Stored dataset items:

============================================================

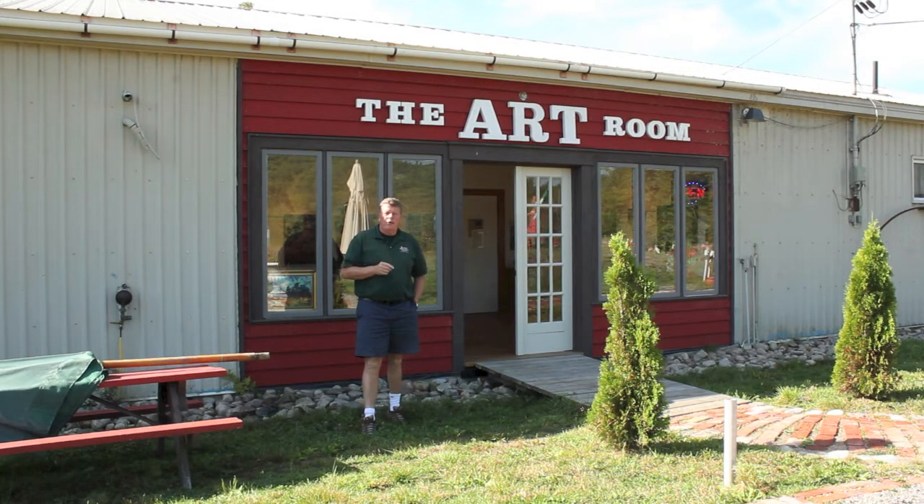Hi everybody, and welcome to another edition of Kawagama TV, where in the spirit of letting you know about new ventures and interesting places and businesses in Dorset, I wanted to talk to you and show you today the Art Room. Elizabeth Johnson is the owner and the artist whose work is on display here, and it really is a stop you should make in Dorset when you're visiting the area.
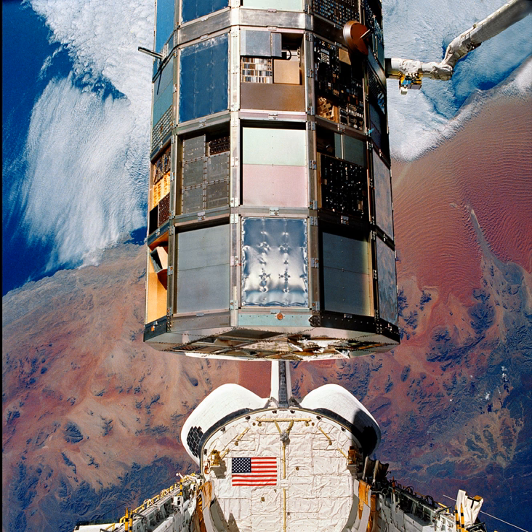The retrieval of LDEF was filmed with an IMAX camera, and appeared in the IMAX film Destiny in Space in 1994. Earth observation footage from the camera also appeared in the 1990 film Blue Planet.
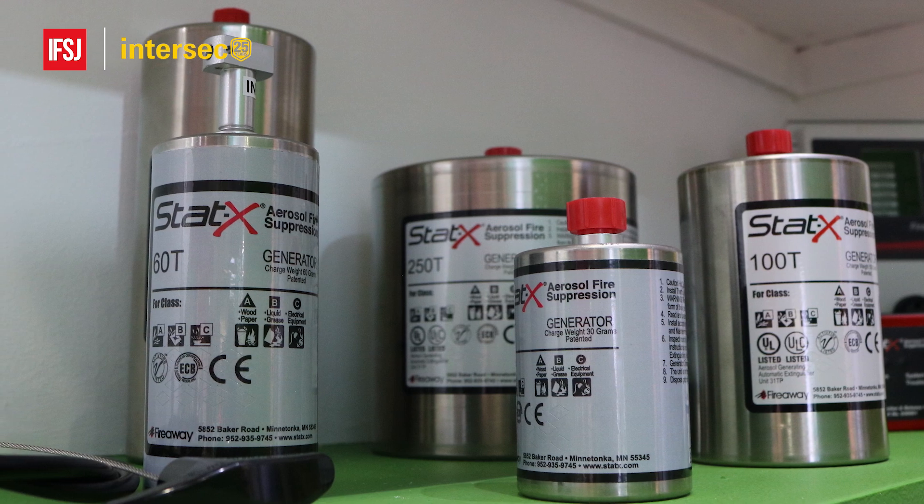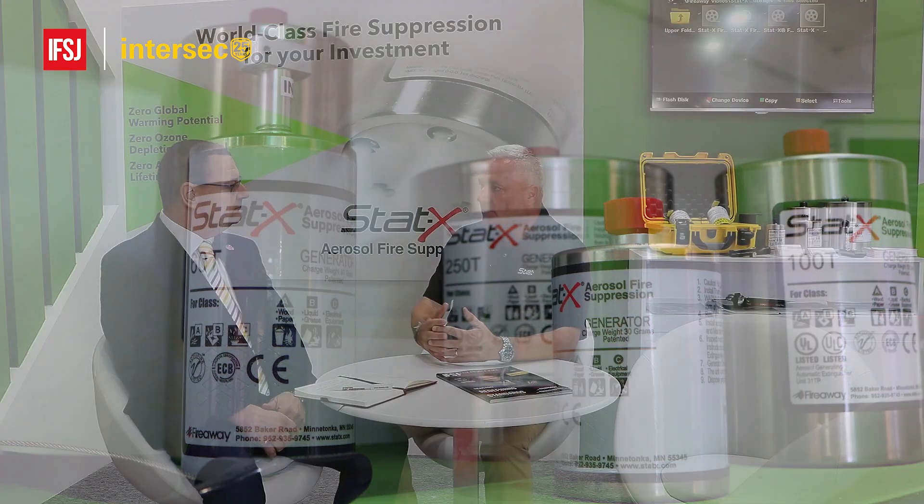One of the things I'm most excited about is our new 15 gram unit. It's something that customers have been asking us for. It's a very small unit, but it's not a traditional system — it's made out of polycarbonate rather than the typical stainless steel. It was designed to go into small spaces such as electrical panels and batteries that it can slide into, and it's exceptionally cost effective. That's something we're really excited about.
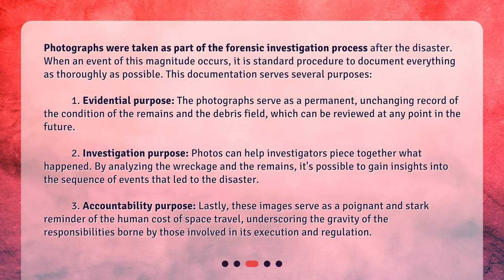Second, investigation purpose: photos can help investigators piece together what happened. By analyzing the wreckage and the remains, it's possible to gain insights into the sequence of events that led to the disaster. Third, accountability purpose: these images serve as a poignant and stark reminder of the human cost of space travel, underscoring the gravity of the responsibilities borne by those involved in its execution and regulation.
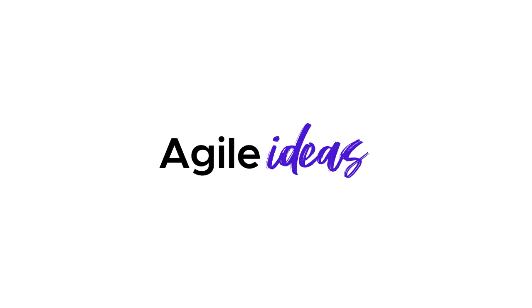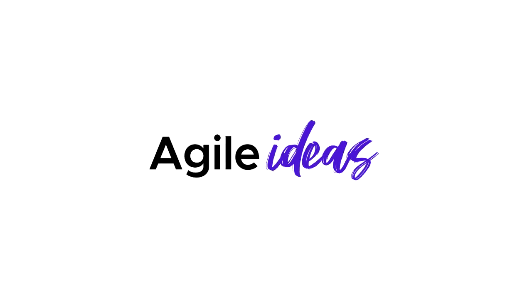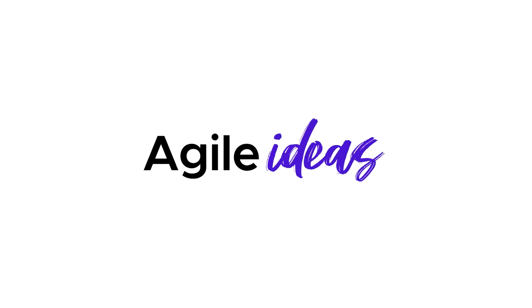You're listening to Agile Ideas, the podcast, hosted by Fatima Rabuchi. For anyone listening out there not having a good day, please know there is help out there.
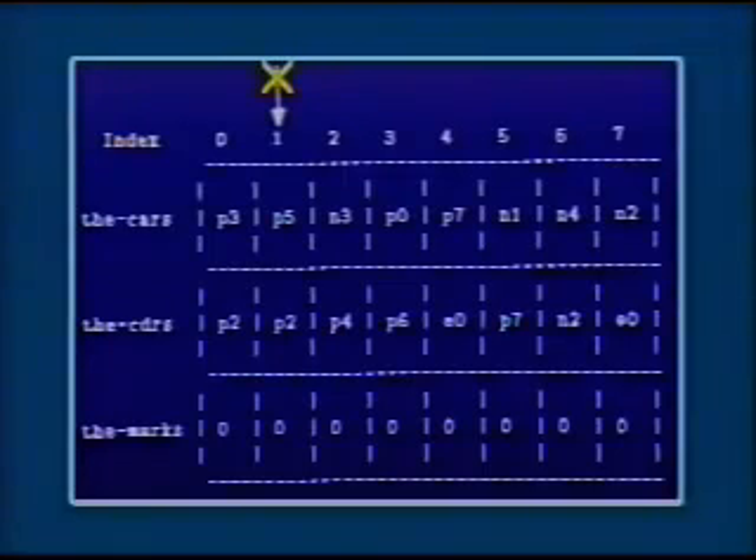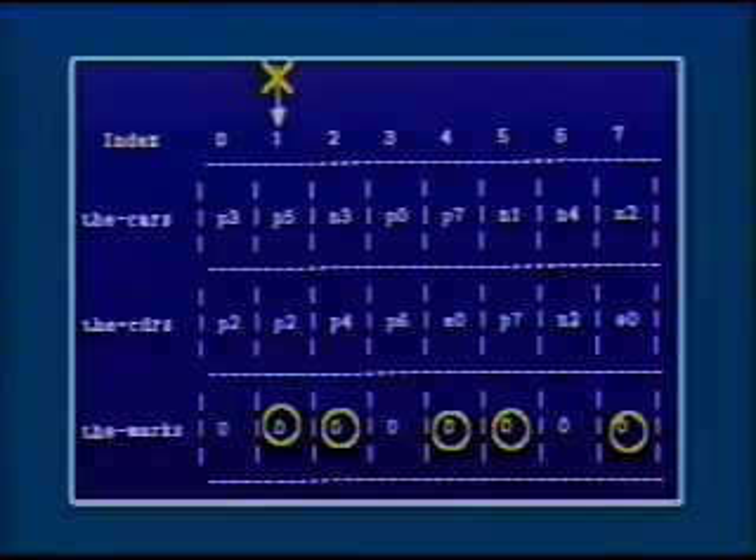So we have a data structure starting at cell 1, which has a car in 5 and a cdr in 2. All the marks start out at 0. Since I can access cell 1 from the root, I will mark it. Then since cell 1 has a 5 in its car, I go to 5 and mark that. Cell 5 references a number in its car, but its cdr is 7, so I mark that. Cell 7 is the empty list. Now going back, cell 1 also has a reference to 2 in its cdr, so I mark 2. Cell 2 contains a reference to 4. Cell 4 refers to 7 through its car, but I've already marked that one, so I don't mark it again.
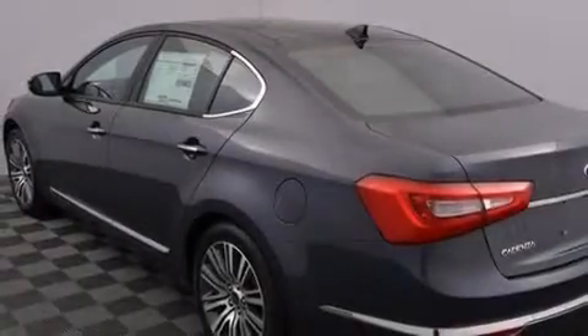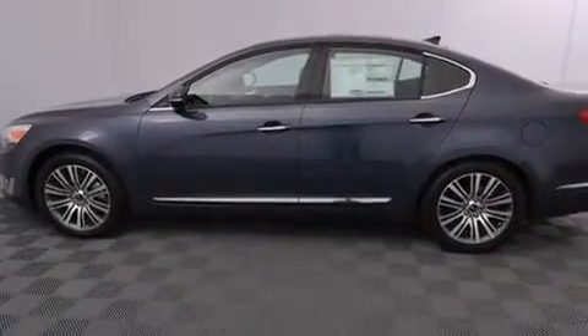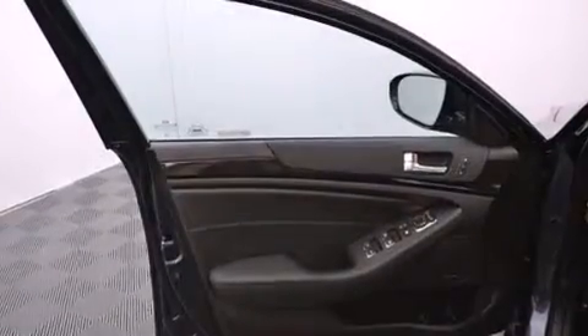The following features are also included: a premium audio system, a low tire pressure indicator, aluminum wheels, leather seats, front and rear floor mats, and 12-volt power outlets.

============================================================

* EXERCISE BRIEF *
Give the entries above again in full and exactly, but not the pictures.

* TASK SOLUTION *
Hi everybody, and welcome to another edition of Kawagama TV, where in the spirit of letting you know about new ventures and interesting places and businesses in Dorset, I wanted to talk to you and show you today the Art Room. Elizabeth Johnson is the owner and the artist whose work is on display here, and it really is a stop you should make in Dorset when you're visiting the area.
The retrieval of LDEF was filmed with an IMAX camera, and appeared in the IMAX film Destiny in Space in 1994. Earth observation footage from the camera also appeared in the 1990 film Blue Planet.
One of the things I'm most excited about is our new 15 gram unit. It's something that customers have been asking us for. It's a very small unit, but it's not a traditional system — it's made out of polycarbonate rather than the typical stainless steel. It was designed to go into small spaces such as electrical panels and batteries that it can slide into, and it's exceptionally cost effective. That's something we're really excited about.
Second, investigation purpose: photos can help investigators piece together what happened. By analyzing the wreckage and the remains, it's possible to gain insights into the sequence of events that led to the disaster. Third, accountability purpose: these images serve as a poignant and stark reminder of the human cost of space travel, underscoring the gravity of the responsibilities borne by those involved in its execution and regulation.
You're listening to Agile Ideas, the podcast, hosted by Fatima Rabuchi. For anyone listening out there not having a good day, please know there is help out there.
So we have a data structure starting at cell 1, which has a car in 5 and a cdr in 2. All the marks start out at 0. Since I can access cell 1 from the root, I will mark it. Then since cell 1 has a 5 in its car, I go to 5 and mark that. Cell 5 references a number in its car, but its cdr is 7, so I mark that. Cell 7 is the empty list. Now going back, cell 1 also has a reference to 2 in its cdr, so I mark 2. Cell 2 contains a reference to 4. Cell 4 refers to 7 through its car, but I've already marked that one, so I don't mark it again.
The following features are also included: a premium audio system, a low tire pressure indicator, aluminum wheels, leather seats, front and rear floor mats, and 12-volt power outlets.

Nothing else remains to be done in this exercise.